Qu’est-ce que le droit de retrait ?

Le droit de retrait est une disposition légale permettant à un salarié de ne pas honorer l’exécution de son contrat de travail pendant une durée indéterminée et pour des motifs bien précis. Les articles L. 4131-1 et suivants du Code du travail font mention de ce droit. 

Ainsi, si le salarié considère que son travail l’expose à un danger imminent et grave pour sa santé ou sa vie, il peut invoquer son droit de retrait. Il quitte alors son poste sans avoir besoin du consentement de son employeur. 

Ce droit diffère du droit de grève et s’applique au cas par cas. Toute l’importance repose sur le fondement des motifs invoqués. Lorsque l’on parle de mise en danger à court-terme de la vie ou de la santé du salarié, on parle de risque imminent de blessure, de maladie ou d’accident. Ce droit de retrait peut aussi résulter d’un défaut de l’entreprise quant à son système de protection des employés.  

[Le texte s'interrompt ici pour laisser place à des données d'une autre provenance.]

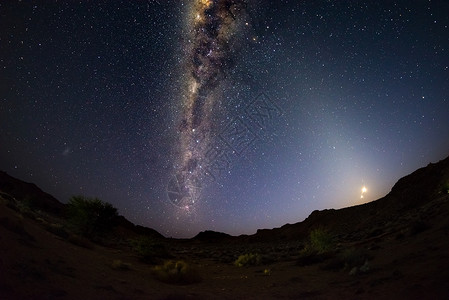 星空和银河弧图片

Concrètement, un salarié peut légitimement se retirer dans ce genre de conditions :

  • température inadéquate et non propice au travail (ex : lieu de travail trop froid ou trop chaud),
  • exposition à des produits dangereux dans l’exercice de ses fonctions, et ce, sans protection particulière,
  • vétusté des locaux ou du matériel de travail (ex : un bâtiment qui menace de s’écrouler, un véhicule de fonction en mauvais état de marche, etc.),
  • travail en zone à risque (ex : zone de guerre, période d’épidémie non contrôlée au sein de l’entreprise, etc.).

Comment l’employé peut-il exercer son droit de retrait ? 

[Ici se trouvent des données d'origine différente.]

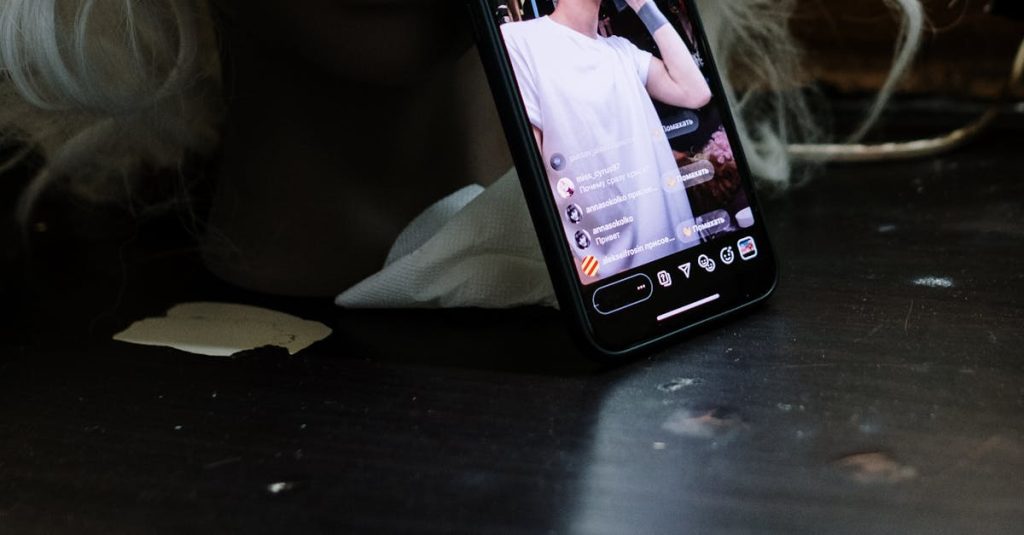 Pessoa segurando celular com Instagram Reels aberto na tela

Un salarié peut exercer son droit de retrait en tout temps tant qu’il s’assure d’invoquer des motifs fondés, démontrés et légitimes. Il se doit également d’observer un droit d’alerte. Il est ainsi tenu d’avertir son employeur ou, à minima, le Comité social et économique (CSE), et ce, de façon orale ou écrite.

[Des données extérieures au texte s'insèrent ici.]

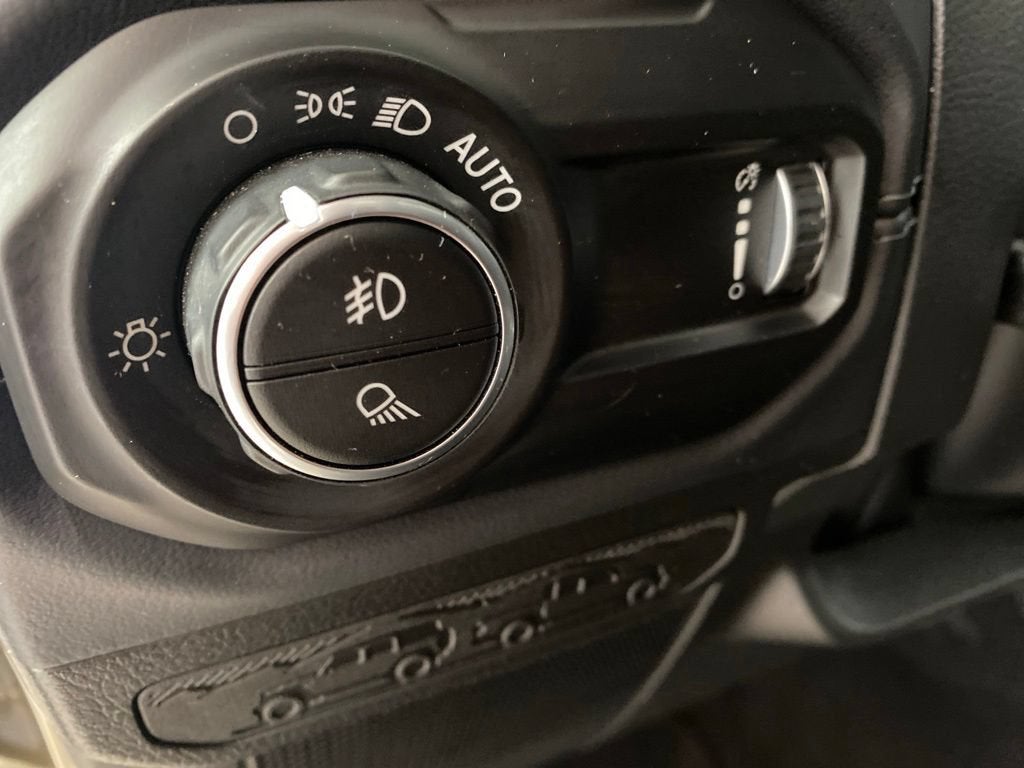 2026 Jeep Gladiator Base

Cela étant dit, le salarié n’a aucunement besoin de l’aval de son employeur pour mettre son droit de retrait en application. Quoiqu’il en soit, ce dernier ne peut s’opposer. S’il y a litige, il ne lui restera qu’à démontrer que les motifs étaient injustifiés. À ce moment, ce sera aux tribunaux de la Cour de cassation ou au Conseil de prud’hommes de trancher et de déterminer si le danger était avéré ou non.

Par ailleurs, en se retirant de son poste, l’employé doit aussi veiller à ne pas engendrer de danger pour autrui. En effet, son arrêt de travail ne doit pas avoir de conséquences néfastes pour les autres salariés impliqués. 

Quelle est la durée du droit de retrait et quels sont les impacts sur le salaire ? 

La loi ne fixe pas de durée pour le droit de retrait. Le salarié n’est pas dans l’obligation de retourner au travail tant et aussi longtemps qu’aucune solution n’a été mise en place pour supprimer le danger identifié. 

Quant au salaire, il demeure inchangé. Dans l’exercice en bon et due forme d’un droit de retrait, l’entreprise n’est pas en droit d’effectuer une retenue de salaire. 

Quelles sont les conséquences du droit de retrait pour le salarié et pour l’employeur ? 

Usage abusif de l’employé 

Comme mentionné, la seule condition du droit de retrait est qu’il doit reposer sur un motif justifié : un danger grave et imminent pour le salarié. Si toutefois on en vient à la conclusion que le travail et l’environnement de l’employé ne représentaient finalement aucun risque, on qualifiera un usage abusif du droit de retrait. Dans ce cas, c’est le salarié qui se retrouve en défaut. Il pourra être sanctionné pour abandon de poste ou pour insubordination. Cela peut mener à des retenues sur salaires, à des sanctions disciplinaires voire à un licenciement

Responsabilité de l’employeur

Du côté de l’employeur, l’exercice d’un droit de retrait lui incombe des responsabilités. En effet, l’entreprise doit s’assurer de mettre en place les mesures nécessaires pour écarter le risque pour le salarié. Autrement, et si un employé est effectivement victime d’un accident ou d’autres conséquences graves, l’employeur pourra être poursuivi et condamné pour faute inexcusable. Il devra ensuite dédommager le ou les salariés concernés.